▸ **EXERCISE GOAL**
The entries should each be set down again precisely.

▸ **INPUT**
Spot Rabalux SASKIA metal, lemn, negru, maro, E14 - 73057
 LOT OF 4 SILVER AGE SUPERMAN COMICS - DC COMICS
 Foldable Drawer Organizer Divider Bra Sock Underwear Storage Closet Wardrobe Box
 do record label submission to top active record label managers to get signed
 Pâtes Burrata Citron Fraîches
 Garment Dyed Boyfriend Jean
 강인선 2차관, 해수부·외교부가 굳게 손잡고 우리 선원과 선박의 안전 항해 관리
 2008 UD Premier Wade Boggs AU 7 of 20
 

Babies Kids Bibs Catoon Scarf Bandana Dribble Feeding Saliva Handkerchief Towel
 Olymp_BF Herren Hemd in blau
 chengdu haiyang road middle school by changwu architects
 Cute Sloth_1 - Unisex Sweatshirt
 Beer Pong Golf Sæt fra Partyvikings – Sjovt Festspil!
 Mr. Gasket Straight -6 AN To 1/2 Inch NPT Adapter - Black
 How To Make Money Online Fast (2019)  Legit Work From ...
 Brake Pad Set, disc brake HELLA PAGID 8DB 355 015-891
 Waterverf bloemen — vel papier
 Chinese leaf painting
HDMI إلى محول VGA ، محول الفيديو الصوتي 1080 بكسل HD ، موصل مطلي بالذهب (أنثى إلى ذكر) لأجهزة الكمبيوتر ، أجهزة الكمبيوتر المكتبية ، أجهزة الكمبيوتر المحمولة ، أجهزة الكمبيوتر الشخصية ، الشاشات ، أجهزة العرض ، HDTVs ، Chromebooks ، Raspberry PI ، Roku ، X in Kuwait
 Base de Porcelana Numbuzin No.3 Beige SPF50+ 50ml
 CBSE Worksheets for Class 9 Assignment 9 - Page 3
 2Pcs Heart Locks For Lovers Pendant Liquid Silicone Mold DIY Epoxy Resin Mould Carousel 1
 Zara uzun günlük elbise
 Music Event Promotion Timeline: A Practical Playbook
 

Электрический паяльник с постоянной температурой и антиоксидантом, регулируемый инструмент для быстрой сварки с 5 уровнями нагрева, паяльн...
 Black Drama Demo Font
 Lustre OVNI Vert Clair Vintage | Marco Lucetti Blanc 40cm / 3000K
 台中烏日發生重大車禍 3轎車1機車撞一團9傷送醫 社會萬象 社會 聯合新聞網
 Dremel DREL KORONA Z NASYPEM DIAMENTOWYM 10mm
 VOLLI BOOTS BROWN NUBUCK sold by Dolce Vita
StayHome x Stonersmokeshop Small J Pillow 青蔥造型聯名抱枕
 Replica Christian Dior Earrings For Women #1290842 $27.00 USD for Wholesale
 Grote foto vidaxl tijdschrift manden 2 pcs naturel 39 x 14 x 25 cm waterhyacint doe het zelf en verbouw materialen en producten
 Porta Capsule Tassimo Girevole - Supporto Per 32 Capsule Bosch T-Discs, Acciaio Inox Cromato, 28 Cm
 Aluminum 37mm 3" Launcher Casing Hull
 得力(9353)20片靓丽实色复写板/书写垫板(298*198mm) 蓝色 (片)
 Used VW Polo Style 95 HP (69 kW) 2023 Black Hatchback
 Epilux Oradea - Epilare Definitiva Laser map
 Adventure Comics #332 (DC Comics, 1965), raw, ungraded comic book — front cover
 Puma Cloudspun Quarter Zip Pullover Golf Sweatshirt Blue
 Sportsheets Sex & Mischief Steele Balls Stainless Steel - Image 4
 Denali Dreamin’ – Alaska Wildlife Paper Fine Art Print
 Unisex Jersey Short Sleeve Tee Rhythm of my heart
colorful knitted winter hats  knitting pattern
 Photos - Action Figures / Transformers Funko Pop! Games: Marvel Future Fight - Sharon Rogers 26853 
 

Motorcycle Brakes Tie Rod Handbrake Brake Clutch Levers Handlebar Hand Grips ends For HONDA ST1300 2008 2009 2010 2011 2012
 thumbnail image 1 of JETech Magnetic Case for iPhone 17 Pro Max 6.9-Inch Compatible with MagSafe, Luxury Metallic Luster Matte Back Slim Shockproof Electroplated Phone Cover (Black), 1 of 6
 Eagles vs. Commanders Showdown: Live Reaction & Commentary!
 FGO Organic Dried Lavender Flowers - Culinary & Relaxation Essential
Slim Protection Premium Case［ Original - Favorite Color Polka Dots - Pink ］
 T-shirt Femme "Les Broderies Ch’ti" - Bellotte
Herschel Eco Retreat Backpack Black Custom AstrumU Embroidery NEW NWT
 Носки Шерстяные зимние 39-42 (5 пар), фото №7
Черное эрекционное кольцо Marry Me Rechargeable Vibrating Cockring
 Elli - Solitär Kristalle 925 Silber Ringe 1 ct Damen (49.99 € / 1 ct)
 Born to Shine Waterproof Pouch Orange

▸ **ANSWER FOR THE TASK**
Spot Rabalux SASKIA metal, lemn, negru, maro, E14 - 73057
 LOT OF 4 SILVER AGE SUPERMAN COMICS - DC COMICS
 Foldable Drawer Organizer Divider Bra Sock Underwear Storage Closet Wardrobe Box
 do record label submission to top active record label managers to get signed
 Pâtes Burrata Citron Fraîches
 Garment Dyed Boyfriend Jean
 강인선 2차관, 해수부·외교부가 굳게 손잡고 우리 선원과 선박의 안전 항해 관리
 2008 UD Premier Wade Boggs AU 7 of 20
 

Babies Kids Bibs Catoon Scarf Bandana Dribble Feeding Saliva Handkerchief Towel
 Olymp_BF Herren Hemd in blau
 chengdu haiyang road middle school by changwu architects
 Cute Sloth_1 - Unisex Sweatshirt
 Beer Pong Golf Sæt fra Partyvikings – Sjovt Festspil!
 Mr. Gasket Straight -6 AN To 1/2 Inch NPT Adapter - Black
 How To Make Money Online Fast (2019)  Legit Work From ...
 Brake Pad Set, disc brake HELLA PAGID 8DB 355 015-891
 Waterverf bloemen — vel papier
 Chinese leaf painting
HDMI إلى محول VGA ، محول الفيديو الصوتي 1080 بكسل HD ، موصل مطلي بالذهب (أنثى إلى ذكر) لأجهزة الكمبيوتر ، أجهزة الكمبيوتر المكتبية ، أجهزة الكمبيوتر المحمولة ، أجهزة الكمبيوتر الشخصية ، الشاشات ، أجهزة العرض ، HDTVs ، Chromebooks ، Raspberry PI ، Roku ، X in Kuwait
 Base de Porcelana Numbuzin No.3 Beige SPF50+ 50ml
 CBSE Worksheets for Class 9 Assignment 9 - Page 3
 2Pcs Heart Locks For Lovers Pendant Liquid Silicone Mold DIY Epoxy Resin Mould Carousel 1
 Zara uzun günlük elbise
 Music Event Promotion Timeline: A Practical Playbook
 

Электрический паяльник с постоянной температурой и антиоксидантом, регулируемый инструмент для быстрой сварки с 5 уровнями нагрева, паяльн...
 Black Drama Demo Font
 Lustre OVNI Vert Clair Vintage | Marco Lucetti Blanc 40cm / 3000K
 台中烏日發生重大車禍 3轎車1機車撞一團9傷送醫 社會萬象 社會 聯合新聞網
 Dremel DREL KORONA Z NASYPEM DIAMENTOWYM 10mm
 VOLLI BOOTS BROWN NUBUCK sold by Dolce Vita
StayHome x Stonersmokeshop Small J Pillow 青蔥造型聯名抱枕
 Replica Christian Dior Earrings For Women #1290842 $27.00 USD for Wholesale
 Grote foto vidaxl tijdschrift manden 2 pcs naturel 39 x 14 x 25 cm waterhyacint doe het zelf en verbouw materialen en producten
 Porta Capsule Tassimo Girevole - Supporto Per 32 Capsule Bosch T-Discs, Acciaio Inox Cromato, 28 Cm
 Aluminum 37mm 3" Launcher Casing Hull
 得力(9353)20片靓丽实色复写板/书写垫板(298*198mm) 蓝色 (片)
 Used VW Polo Style 95 HP (69 kW) 2023 Black Hatchback
 Epilux Oradea - Epilare Definitiva Laser map
 Adventure Comics #332 (DC Comics, 1965), raw, ungraded comic book — front cover
 Puma Cloudspun Quarter Zip Pullover Golf Sweatshirt Blue
 Sportsheets Sex & Mischief Steele Balls Stainless Steel - Image 4
 Denali Dreamin’ – Alaska Wildlife Paper Fine Art Print
 Unisex Jersey Short Sleeve Tee Rhythm of my heart
colorful knitted winter hats  knitting pattern
 Photos - Action Figures / Transformers Funko Pop! Games: Marvel Future Fight - Sharon Rogers 26853 
 

Motorcycle Brakes Tie Rod Handbrake Brake Clutch Levers Handlebar Hand Grips ends For HONDA ST1300 2008 2009 2010 2011 2012
 thumbnail image 1 of JETech Magnetic Case for iPhone 17 Pro Max 6.9-Inch Compatible with MagSafe, Luxury Metallic Luster Matte Back Slim Shockproof Electroplated Phone Cover (Black), 1 of 6
 Eagles vs. Commanders Showdown: Live Reaction & Commentary!
 FGO Organic Dried Lavender Flowers - Culinary & Relaxation Essential
Slim Protection Premium Case［ Original - Favorite Color Polka Dots - Pink ］
 T-shirt Femme "Les Broderies Ch’ti" - Bellotte
Herschel Eco Retreat Backpack Black Custom AstrumU Embroidery NEW NWT
 Носки Шерстяные зимние 39-42 (5 пар), фото №7
Черное эрекционное кольцо Marry Me Rechargeable Vibrating Cockring
 Elli - Solitär Kristalle 925 Silber Ringe 1 ct Damen (49.99 € / 1 ct)
 Born to Shine Waterproof Pouch Orange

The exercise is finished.